• **HOW TO COMPLETE THIS TASK**
The output is the line containing "A9 Portable Wireless" plus every later line down to the end of the listing below, copied exactly. No pictures belong in it.
──────── INFORMATION SUPPLIED
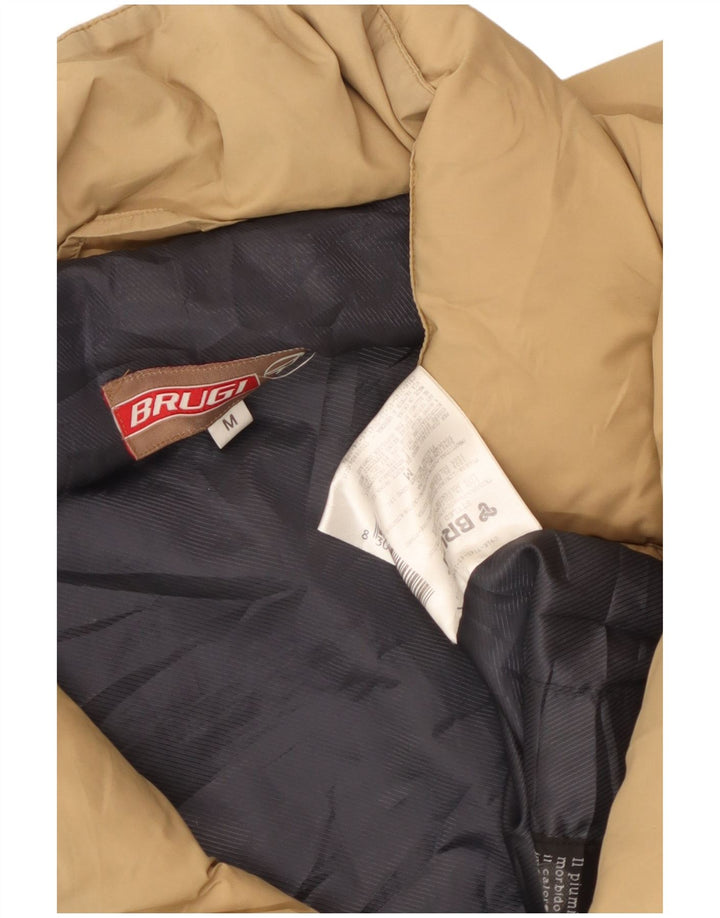 Brugi Herren Wattierte Weste UK 38 Medium Beige Polyamid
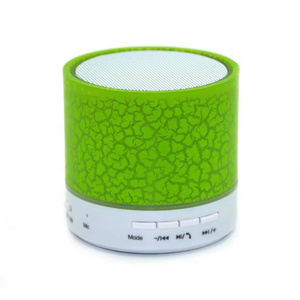 A9 Portable Wireless Mini BT Speaker New Cracked BT Speaker LED Subwoofer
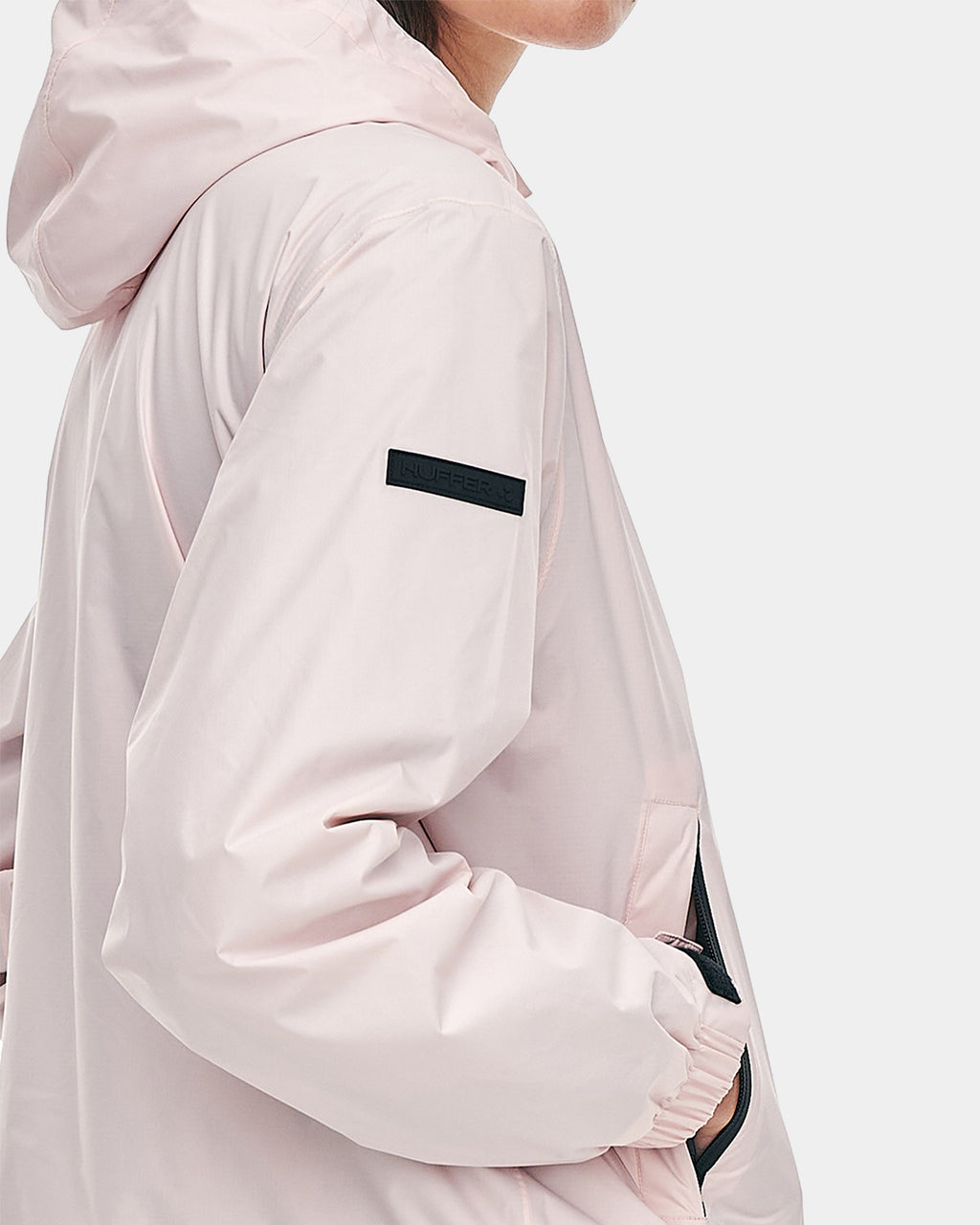 WOMENS BLOCK SHELL JACKET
────────────────
• **RESULT**
 A9 Portable Wireless Mini BT Speaker New Cracked BT Speaker LED Subwoofer
 WOMENS BLOCK SHELL JACKET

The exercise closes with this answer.